● **EXERCISE**: Output the line containing "In this Dec." and each line after it through the end of the data, exactly as written, with pictures left out.

● **DATA BLOCK**:
• • • •

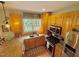 Kitchen with a window over a sink, wood cabinets, and stainless steel appliances at 327 Beavertail Rd, Henderson, NC 27537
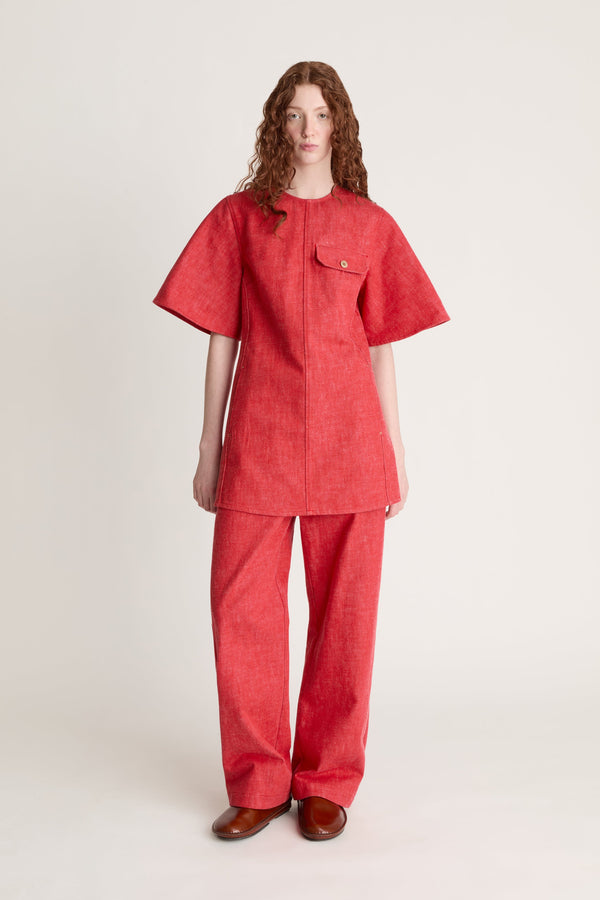 Person wearing a reddress and red pants on a white background
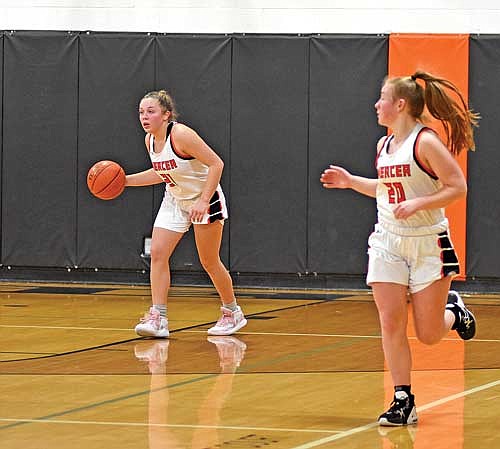 In this Dec. 6, 2022 file photo, Jenny Klopatek dribbles the ball up the court in a game against Solon Springs at Coach Leverson Court in Mercer. Klopatek will be one of the leaders for the Tigers in 2023-24. (Photo by Brett LaBore/Lakeland Times)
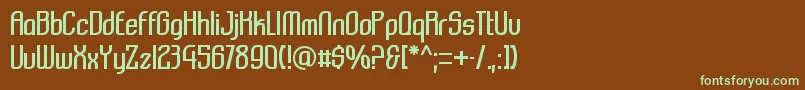 フォントKomikazba – 緑色の文字が茶色の背景にあります。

• • • •

● **RESULT BELOW**:
 In this Dec. 6, 2022 file photo, Jenny Klopatek dribbles the ball up the court in a game against Solon Springs at Coach Leverson Court in Mercer. Klopatek will be one of the leaders for the Tigers in 2023-24. (Photo by Brett LaBore/Lakeland Times)
 フォントKomikazba – 緑色の文字が茶色の背景にあります。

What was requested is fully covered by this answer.